Но губы лишь только дрожали. Тогда усач, не спеша, отложил окровавленную шашку и резко нанес удар тыльной стороной ладони так, что губы перестали дрожать. Они поменяли свой цвет на пурпурный, и тоненькие струйки крови стали пробивать себе путь изо рта.
Увидев возбужденный взгляд убийцы и нервные движения рук при расстёгивании штанин, Ракель поняла, что час смертельной опасности отступил. Чтобы не видеть этой наглой ухмылки и лоснящихся от удовольствия губ, она покорно развернулась, и своей детской грудью оперлась на рояль.
Почувствовав холод булата между лопаток, она прижала ладонь к окровавленным губам. Шнуры корсета и платяная ткань разошлись под острием лезвия и обнажили прекрасную девичью спинку. Атлас на трусиках переливался под лучами солнца, пробивавшимися в окно. Легонько, остриём лезвия, усач придавил атлас между ягодицами, так что две половинки отчетливо выразили профиль. «Эх, – подумал усач: – Сейчас загоню по самую рукоять, и никто меня не осудит».
– Чего ждешь, не мучь меня, – набравшись смелости, процедила Ракель.
– Да вот, не хочу портить прекрасную вещицу, – и быстрым движением рук стянул атлас до пола.
– Ракель невольно переступила ножками, оставив вещицу свободно лежать на полу.
«Возьму трусы на память, своей подружке», – подумал усач. Потянувшись правой рукой за трусиками, он наклонился так, что почувствовал запах девичьей плоти.
«Прости меня, господи, ведь никогда такого не делал, – подумал усач, пряча трусики в карман галифе, – возможно, меня убьют, возможно, и не будет другой такой удачи».
Быстро выпрямившись, усач как бы еще раз оглянул прекрасное создание с высоты своего положения завоевателя и принялся за свое грязное дело. Под напором рояль немного подался вперед, пока окончательно не уперся в стену.
– Молчи сучка и радуйся, что не испортил твою девственность, – хрипя, успокаивал её усач. – Терпи, сказал, останешься жить непорочной. А я, может быть, потом, где-то далеко, погибая в грязном и окровавленном окопе, вспомню тебя красивую.
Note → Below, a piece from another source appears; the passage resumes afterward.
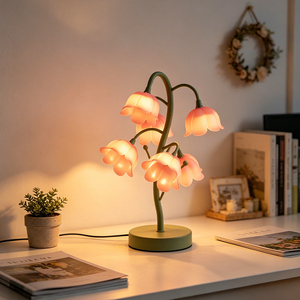 Modern Crystal Base <b>Table</b> Black Metal Dome Shade Ruffle Flexible Neck <b>LED</b> AC Soft Warm White <b>Light</b> Bedroom Desk Lamp E27 90 CRI - Product Image 1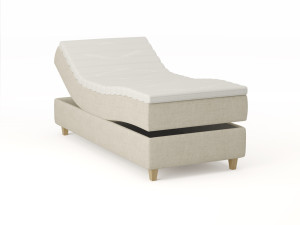 Comfort Regulerbar Seng 90x200 - Sand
Вспомню, что ты где-то ходишь и виляешь задом, в глубине которого я однажды побывал».
Очнувшись, Яшка, превозмогая страх перед дергающимся без штанов чудищем и подкрепляя силы свои ненавистью за любимую Ракель, согнутую на рояле, нанес именной шашкой войска польского сокрушительный удар прямо по темечку.
Замерло бездыханно тело монстра, и из раздвоенного скальпа сначала показался осколок кости черепа, а затем стали постепенно проступать окровавленные мозги.
«Все как по анатомии», – подумал Яшка, брезгливо отбросив холодное оружие.
– Здесь есть черный ход, – как бы оправдываясь, сказала Ракель.
– Бежим, милая, – пробурчал повзрослевший малец.
Знакомый до боли ужасный свист и рев вырвал Витковского из воспоминаний. Закрыв ладонями уши и приоткрыв рот, он упал на дно окопа. Вдавившись в грунт так, как будто хотел провалиться в него, он начал молиться. Серия взрывов сотрясла Крымский вал. Затем взрывы стали звучать без перерыва. Так началась битва за перекоп.